Writing Up Wednesday #5: What’s Your POV?

Books/Writing 5

writing up wednesday

Welcome to the next week of Writing Up Wednesday! I’ve been so excited to see more people participating in this, I hope you guys enjoy it as much as I do. 🙂 Besides the writing I do for my blog, I’ve also started writing fiction again this year. NaNoWriMo 2016 really kicked me into gear and got me excited about writing again. It’s an excitement that I hope will last, and there’s no better way than to keep motivation up than to share it! I know a lot of my blogger friends also have writing goals outside of their blogs. Week to week I want to discuss various different topics related to writing, and I’ll put a link-up at the bottom of each topic post. This week we have:

Writing Up Wednesday #5: What’s Your POV?

Point-of-view can make or break a book. The right one draws you in, gives you just enough information to keep you entertained and reading to see what happens next. The wrong one is nails on the chalkboard of your brain. If you’re not familiar with the different POVs, there’s an awesome, detailed article here on Novel Writing Help. There are 3 main POVs in fiction: first-person (a huge favorite in YA fiction), third-person limited, and third-person omniscient. I’m not going to get into a breakdown here – there are TONS of helpful articles around the web for that. So for now, think about your current WIP. Are you consistent with your POV, or do you use multiples? If so, do you handle it in a way that won’t confuse your reader? How did you settle on your POV?

I didn’t give a whole lot of thought to the POV in my current novel, to be honest. It just was. It just happened, and it felt completely right. I’m using a third person limited perspective, that of my MC. As it’s a fantasy, I can see some additional characters maybe jockeying for a turn eventually. Like my dragon.

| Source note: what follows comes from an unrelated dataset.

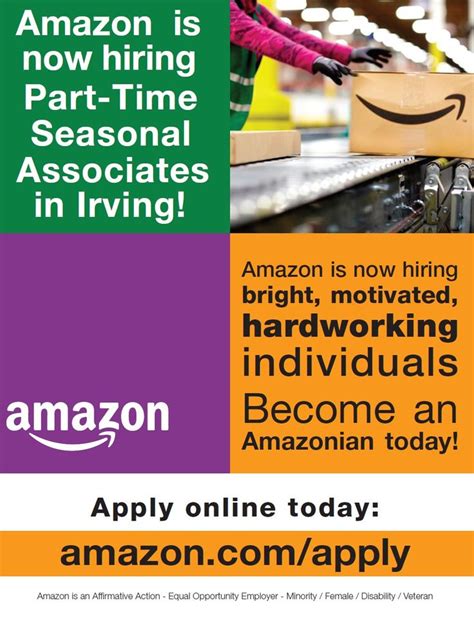 Amazon Is Hiring Pt Seasonal Help In Irving Tx Check It Out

Pretty sure she will have a voice of her own that needs airing more than just as a side character. As it is, while I’ve done a LOT of her character development, both in my head and in written character sketches – I haven’t actually written her into the novel yet!

Personally, I don’t care for writing in the first person. It just feels…odd, to me. I can read it alright, but I think it’s a more difficult POV to do WELL. A lot of writers try to tell the reader things through the first-person, that that character simply wouldn’t know.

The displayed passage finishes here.